Oczywiście nie śmiałbym zasugerować nawet, że wszystkie karty z serii GTX 550 są identyczne, ale z pewnością są do siebie stosunkowo podobne. Pokazana podczas targów Computex 2011 karta graficzna MSI nie tylko zaprzęga do pracy najsilniejszą jednoukładową architekturę Nvidii, jak wiele innych. N580GTX Lightning Xtreme Edition wydaje się być desygnatem zbytku.
Produkt MSI wyposażony został przede wszystkim w dodatkową pamięć, dobijając tym samym do poziomu 3GB DDR5 i pozwalając na jeszcze wydajniejszą pracę. To jednak nie wszystko. Karta zaprojektowana została z myślą o użytkownikach, którzy swobodnie podchodzą do fabrycznych ustawień zegara. N580GTX wyposażono zatem w jeszcze wydajniejsze chłodzenie oraz w technologię Twin Frozr III, Smart Temp Sensor i wiatraki, które w przypadku osiągnięcia temperatury wyższej niż 45 stopni zmieniają kolor z błękitnego na biały. Wszystko po to, żeby użytkownik jak najszybciej dowiedział się o rosnącej niebezpiecznie temperaturze.
Jednym z ciekawszych elementów N580GTX jest jednak automatyczny mechanizm czyszczący. W sprzyjających okolicznościach wiatraki zaczynają się kręcić w przeciwnym kierunku, wysysając zgromadzony w radiatorze kurz.
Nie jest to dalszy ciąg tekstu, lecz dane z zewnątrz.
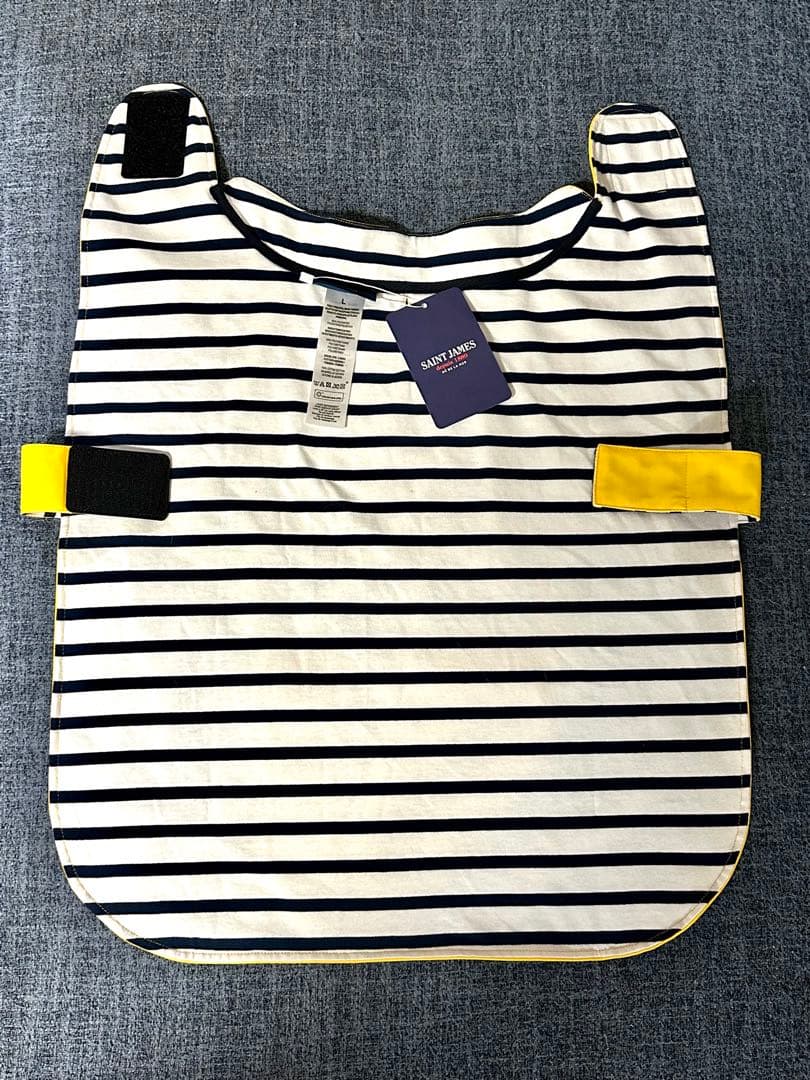 【新品未使用／日本未入荷】セントジェームス 犬服 レインコート　Lサイズ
Zabieg trwa 30 sekund i przywraca pierwotną sprawność konstrukcji odciągającej temperaturę.
Jedyna wątpliwość, która nas niepokoi, to co się dzieje z wyrzuconym z powierzchni karty graficznej kurzem i czy po tych 30 sekundach, kiedy wiatraki wracają do chłodzenia nie zasysają go z powrotem?
Niestety, póki co, do worka z niewiadomymi należy dodać jeszcze zarówno cenę jak i datę premiery karty.